§ Exercise description
Print, exactly as they stand, the lines below from the one that has "Feuille De Papier Cadeau Natalie Rose (Lot)" to the one that has "韦德入选名人堂后对热火文化传承的深远意义 | chaofan", inclusive, leaving out the pictures.

§ Exercise data
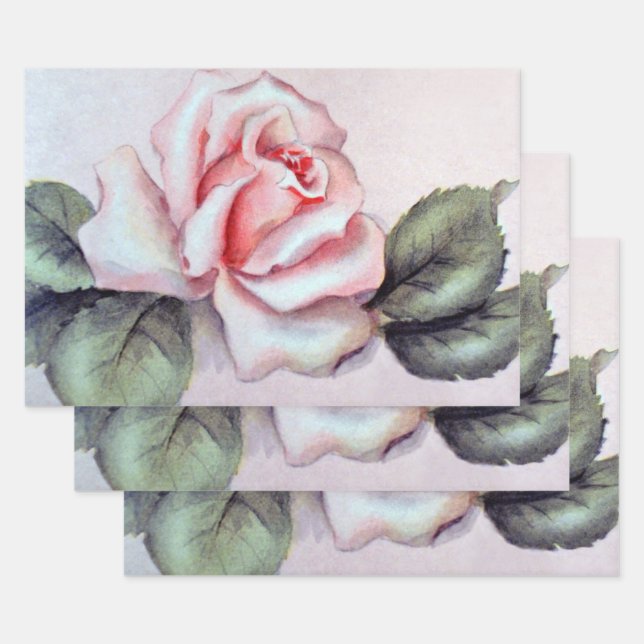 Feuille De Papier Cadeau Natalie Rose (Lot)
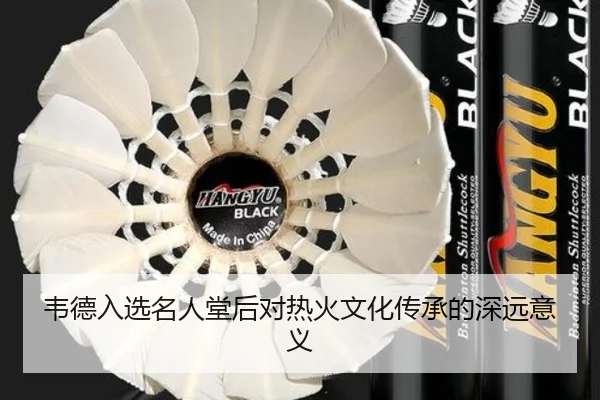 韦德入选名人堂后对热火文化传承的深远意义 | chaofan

---

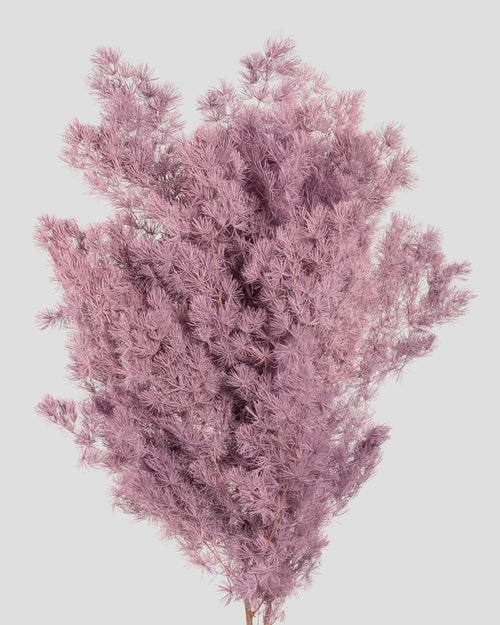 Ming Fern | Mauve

* * *

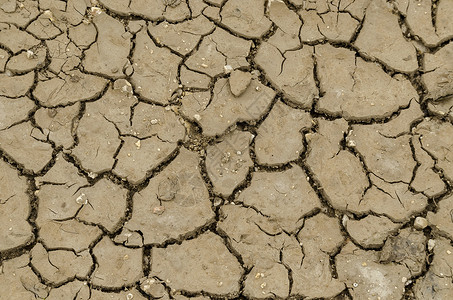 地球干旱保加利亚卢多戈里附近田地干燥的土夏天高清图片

§ Exercise result
 Feuille De Papier Cadeau Natalie Rose (Lot)
 韦德入选名人堂后对热火文化传承的深远意义 | chaofan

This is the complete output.